Marco Raduano scontava l’ergastolo in regime di alta sicurezza nel carcere di Badu ‘e Carros. Nella giornata di ieri, venerdì 24 febbraio, è fuggito utilizzando uno dei metodi più classici: delle lenzuola annodate. Raduano detto “Pallone”è pugliese. E’ originario di San Giovanni Rotondo (Foggia). Ha 40 anni ed è un boss della mafia garganica. E’ ora ricercato in tutta la Sardegna con posti di blocco nelle strade principali e secondarie, nei porti e aeroporti.
“Appena la Polizia penitenziaria ci ha allertato dell’evasione, intorno alle 19, abbiamo avviato il piano anticrimine in provincia di Nuoro, avvisato tutte le Questure della Sardegna e la Polizia di frontiera nei porti e negli aeroporti dell’Isola – conferma all’Ansa il questore Alfonso Polverino. C’è un enorme dispiegamento di forze di Polizia e di uomini in tutta la regione, mentre la Polizia penitenziaria di Nuoro lavora sul fronte interno attraverso l’analisi di telecamere della casa circondariale e testimonianze”.

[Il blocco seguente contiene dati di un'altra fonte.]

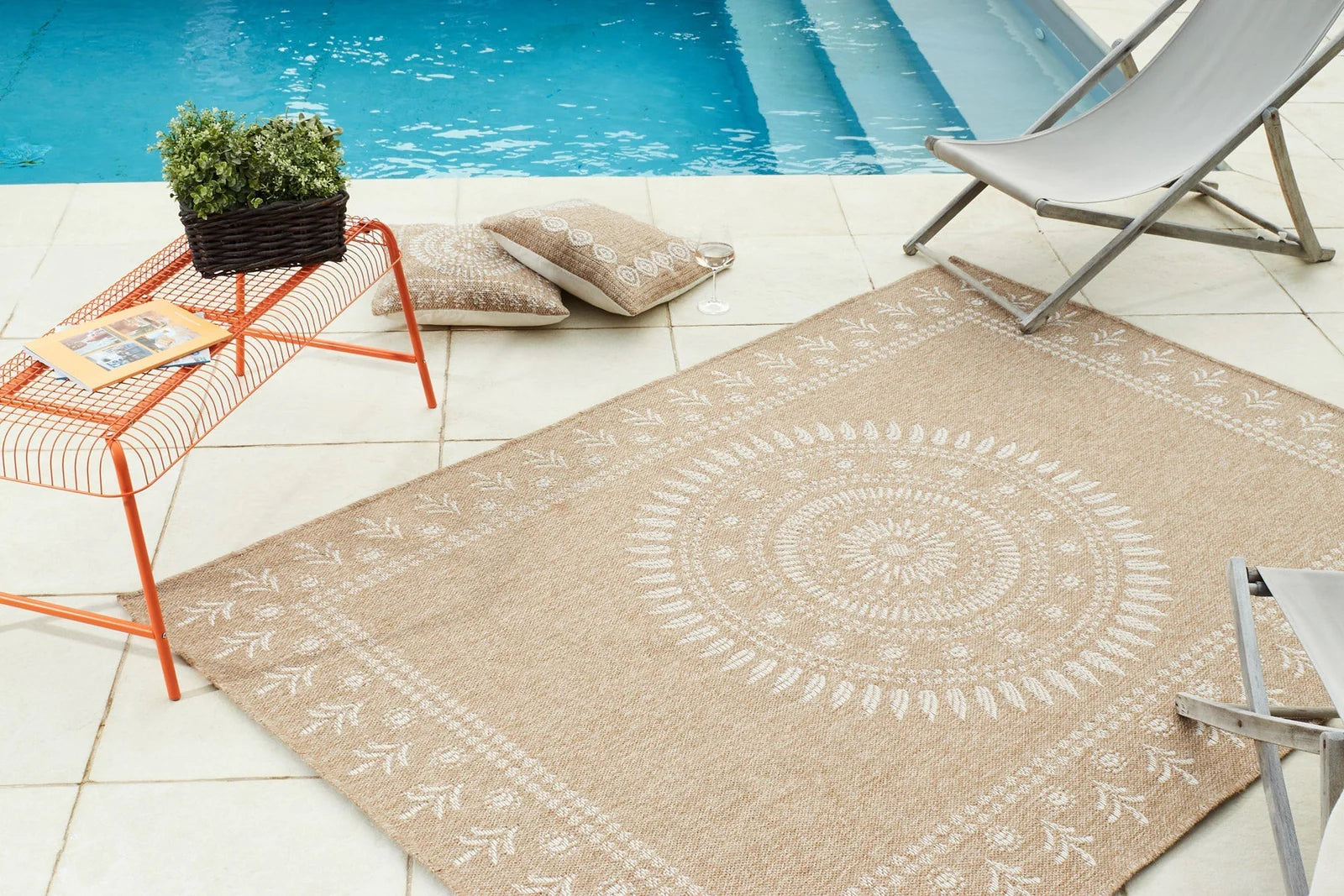 Tapis aspect jute nature motifs orientaux blancs - Nature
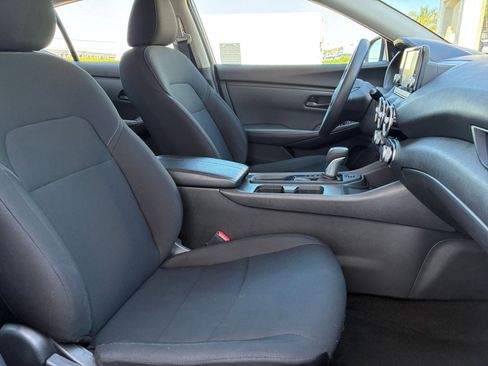 Used 2025 Nissan Sentra S image 34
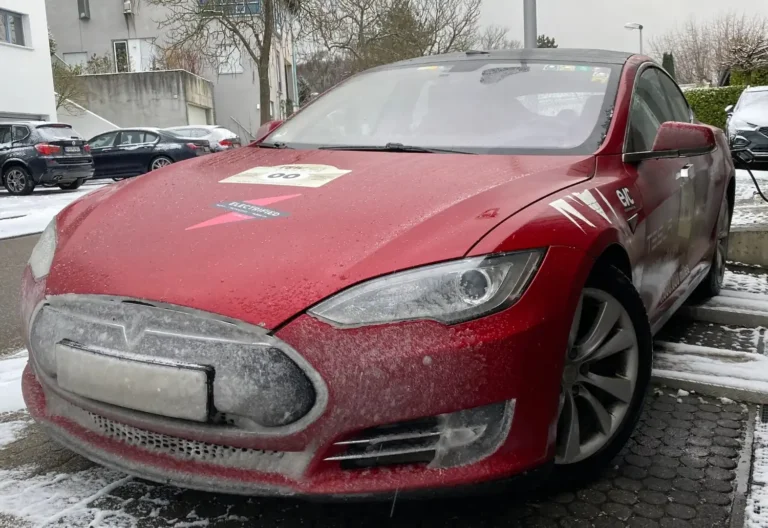 Nezničiteľná Tesla? Táto má za sebou 3 milióny km a stále jazdí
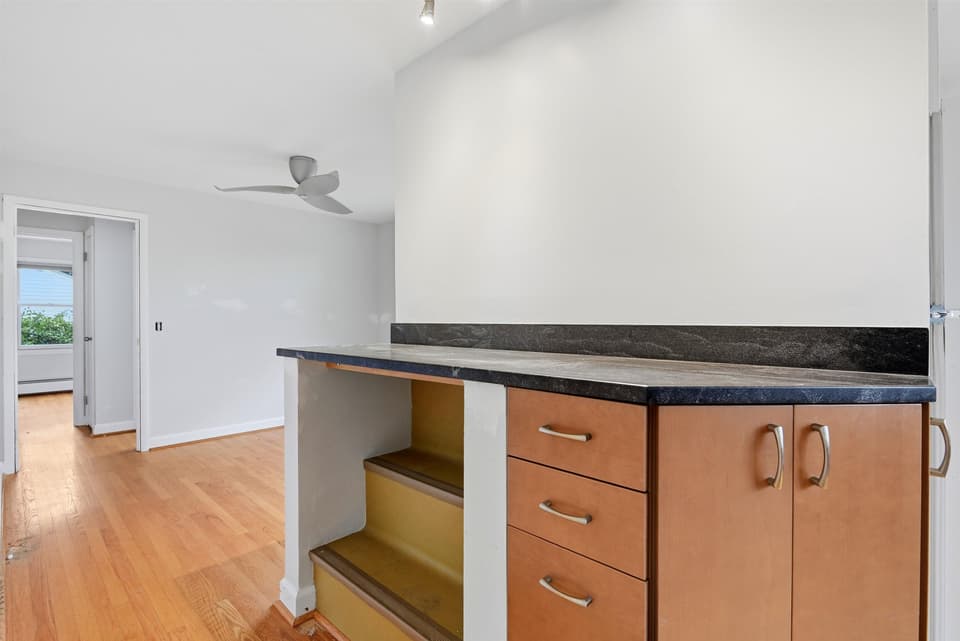 404 Eastview Terrace, photo 18 of 40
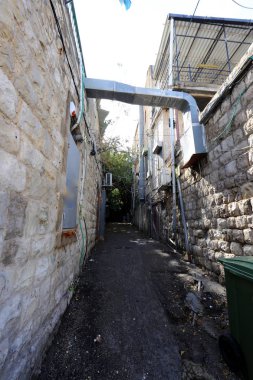 çatılar ve Acre antik şehrin sokaklarında 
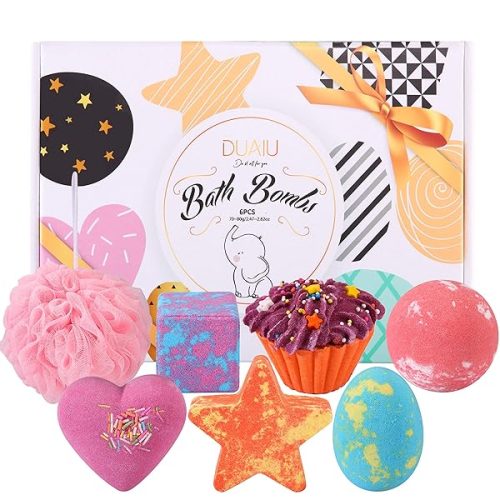 Get ready for a fun and fizzy bath time experience with these 6 amazing bath bombs! Packed with organic ingredients, essential oils, and kid-friendly fruity scents. Plus, a bonus bathing mesh ball for extra fun! #Bath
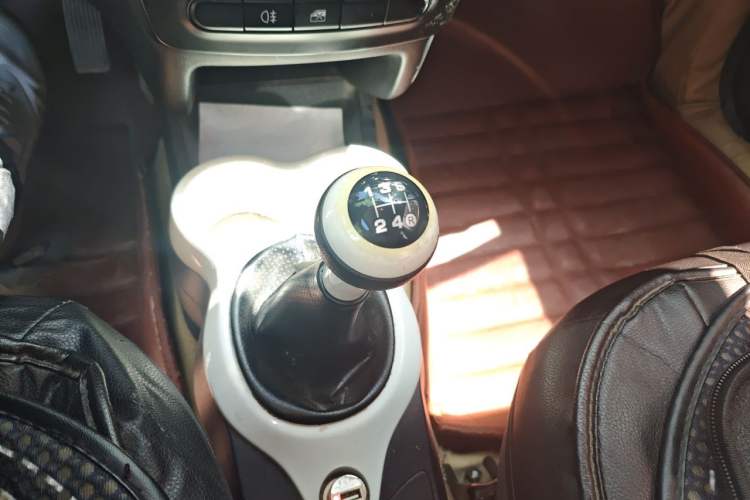 Used Chery QQ 2013 1.0L Manual Happy Edition Gear Lever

Marco Raduano, chi è il detenuto fuggito
Raduano ha condanne che deve finire di scontare nel 2046 per traffico stupefacenti con aggravante di mafia, omicidio, reati contro la persona, contro il patrimonio e in materia di armi e stupefacenti. Era in regime di alta sicurezza 3. Il 3 febbraio scorso gli era stata notificata una condanna diventata definitiva a 19 anni di reclusione, più tre anni di libertà vigilata, perché il ricorso in Cassazione era stato dichiarato inammissibile.
Carcere di Badu ‘e Carros è una prigione di massima sicurezza
Il carcere di Badu ‘e Carros è una prigione di massima sicurezza dove sono rinchiusi diversi terroristi e mafiosi e da cui nessuno è mai evaso. Ci si interroga su come sia potuto succedere che un detenuto del braccio di sicurezza abbia trovato le porte aperte tanto da riuscire a scappare. E ci sono dubbi sull’orario della fuga: la Polizia penitenziaria ha dato l’allarme intorno alle 19 di venerdì 24 febbraio ma l’evasione potrebbe risalire a qualche ora prima. A darne la notizia alcune organizzazioni sindacali che rilanciano l’ennesimo allarme per le scarse condizioni di sicurezza in cui lavorano gli agenti di polizia penitenziaria.